Answer 2 · 2024-06-25T17:27:28.000Z

@cartermckinnon we tried:

AL2 file limits (soft/hard at 810042)
AL2023 default file limits (65536 / 1048576)
Setting -XX:-MaxFDLimit to the workloads

All to no avail, the memory use of the pods remained in the same high area (75+% of limits). Switching back to AL2 images brought the memory use again back down.

Answer 3 · 2024-06-25T17:34:46.000Z

@priestjim i believe Carter asked to try AL2023 with 810042 (both default and max) - i.e, use the same limits in AL2023 that were in your AL2 default kernel settings.

Answer 4 · 2024-06-25T17:44:36.000Z

@dims yes, we validated the metrics against AL2023 images using the AL2 limits (810042 for both soft/hard maximums), against AL2023 defaults and again against AL2/AL2023 limits with JAVA_TOOL_OPTIONS: -XX:-MaxFDLimit

Answer 5 · 2024-06-25T17:53:43.000Z

Thanks @priestjim I'll try to repro this and take a closer look.

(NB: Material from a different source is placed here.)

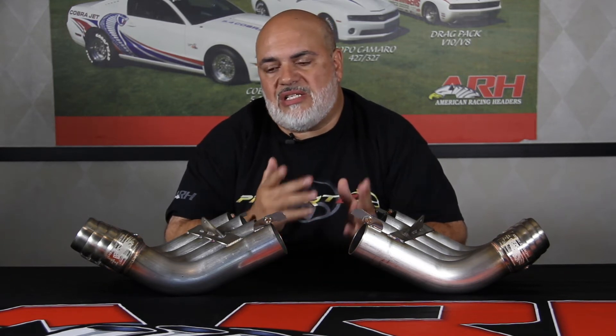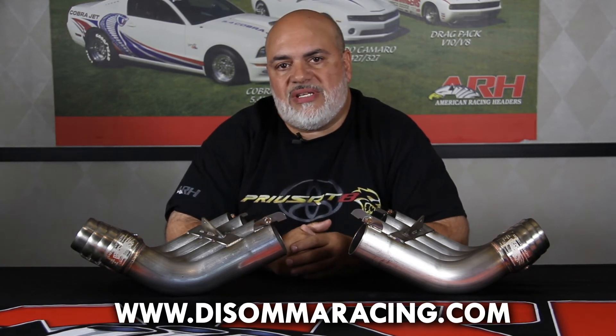So if you're interested, you can order these either directly through American Racing Headers or through Anthony DeSoma at DeSoma Racing. Thanks so much guys. If you've got any questions, email me at nick@americanracingheaders.com or contact Anthony at DeSoma Racing. Thank you.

Answer 6 · 2024-07-01T19:36:05.000Z

Which Java 11 version is being used? Versions prior to 11.0.16.0 do not have support for cgroup v2 which is used by AL2023. This leads to the JVM lacking container awareness and using whatever memory it can.

From the pod, what's the output of java -XshowSettings:system -version?

If this is seen then it supports cgroup v2:

Operating System Metrics:
    Provider: cgroupv2

If instead you see this then it does not have support for cgroup v2:

Operating System Metrics:
    No metrics available for this platform

Answer 7 · 2024-07-01T20:00:19.000Z

@JoeNorth you're absolutely correct in that the JDK version we're using (11.0.6) does not support cgroupv2. We'll look into upgrading to the latest OpenJDK 11 patch version and report back.

Answer 8 · 2024-07-01T20:50:24.000Z

ah thanks @JoeNorth, I missed the java version in the desc. In general you'll need openjdk 11 or 15+ to get cgroupv2 support, unless the distro you use has cherry-picked it.